Judul: Di Tanah Lada
Penulis: Ziggy Zezsyazeoviennazabrizkie
Editor: Mirna Yulistianti
Penerbit: Gramedia Pustaka Utama
ISBN: 978-602-03-1896-7
Cetak: Pertama, Agustus 2015
Tebal: 244 hlm
Bintang: 3/5
Harga: Rp. 58.000 (Diskon di Toko Buku Online)



“Aku menangis karena orang dewasa tidak mengerti kalau aku juga punya kepentingan. Kalau aku juga punya sesuatu yang ingin kuselamatkan. Aku menangis karena orang dewasa tidak mengerti apa-apa” (h. 92)

Masa kecil Salva tidak terlalu menyenangkan, dengan Ayah seorang penjudi dan pemabuk yang suka sekali marah dan main tangan. Mama adalah pelindung dan penjaga Salva. Fakta yang membuat isi kepala Salva yang sederhana memandang bahwa Papa-Mama bukanlah panggilan keluarga, tapi sebagai label sosok Jahat-Baik.

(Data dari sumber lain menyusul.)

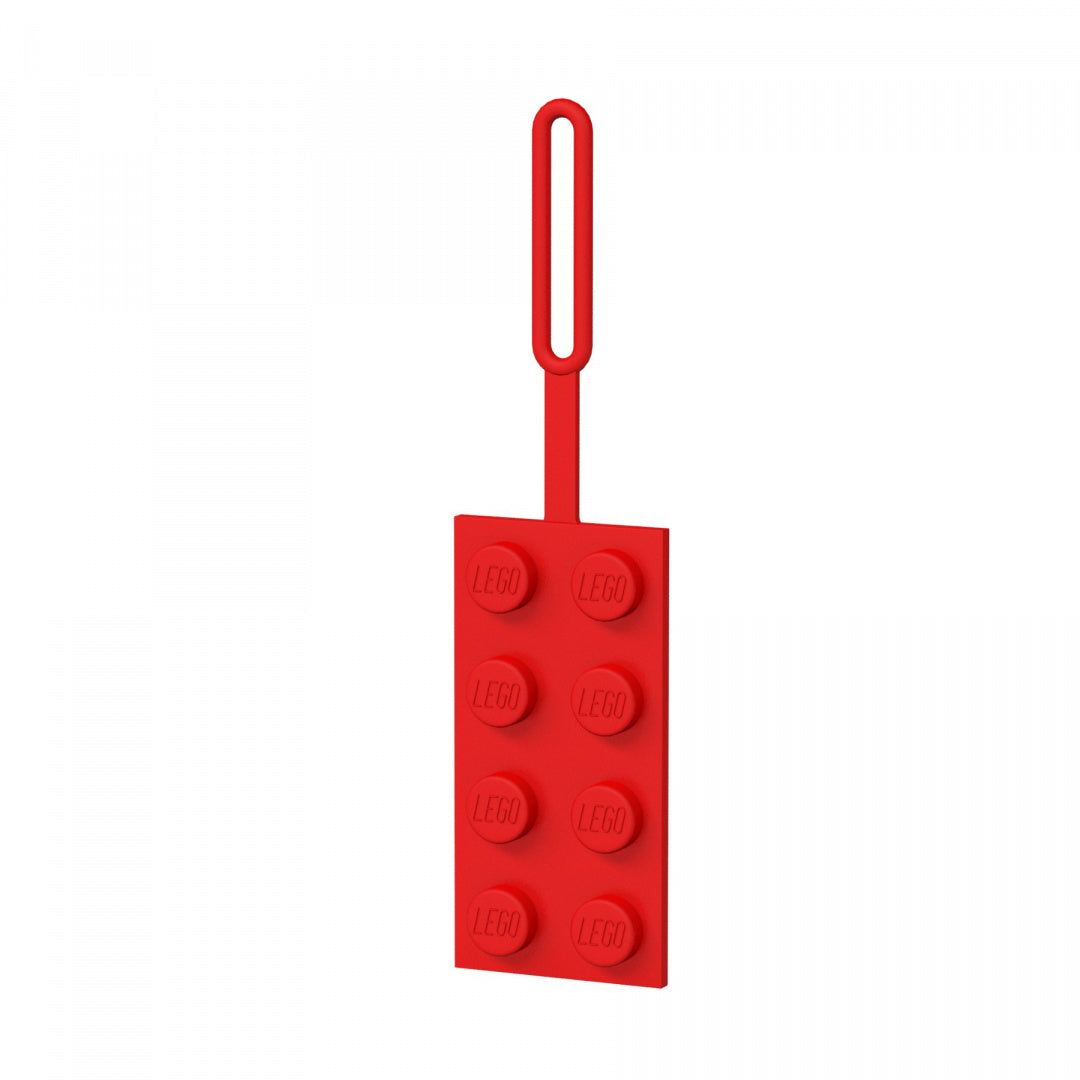 Czerwona zawieszka do bagażu LEGO w kształcie klasycznej kostki Lego z pętlą do mocowania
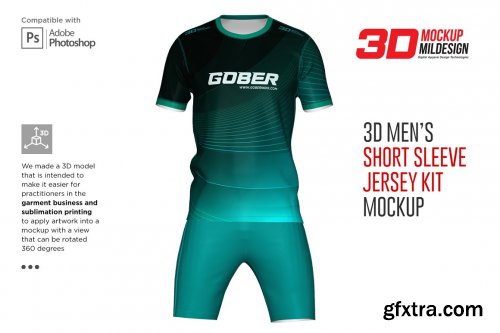 CreativeMarket - 3D Men's O-neck Jersey kit Mockup 6032462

Kepindahan Salva ke Rusun Nero, bersama Papa Mama, menjadi titik balik kehidupannya. Pertemuan dengan P, bocah lelaki dari Rusun Nero, adalah awalan hal-hal baru dalam kehidupan Salva. Sejak saat itu juga, posisi Mama yang selalu berada di samping Salva tergantikan oleh P. Bersama P, Salva membahas isi kepalanya dan mengenal penghuni Rusun Nero, termasuk Kak Suri dan Mas Alri.

“Aku bilang ke Kakek Kia, sulit sekali menemukan “kebenaran” dalam kamus. Lalu, dia tampak sedikit sedih. Dan, kata Kakek Kia, ‘Lebih sulit lagi menemukannya di dunia nyata.’ Lalu, aku bilang, ‘Tapi, yang di kamus ketemu, Yang di dunia nyata juga bisa ketemu, kan?’” (h.210)

Salva sangat menyukai kamus bahasa Indonesia. Setiap kata baru yang ditemukan/didengarnya akan dicari di kamus hadiah Kakek Kia. Kesenangan yang agak aneh untuk bocah berumur 6 tahun. Tapi, sisi inilah yang membuat cerita menarik. Nalar Salva dalam mengartikan kata seperti permainan menantang logika.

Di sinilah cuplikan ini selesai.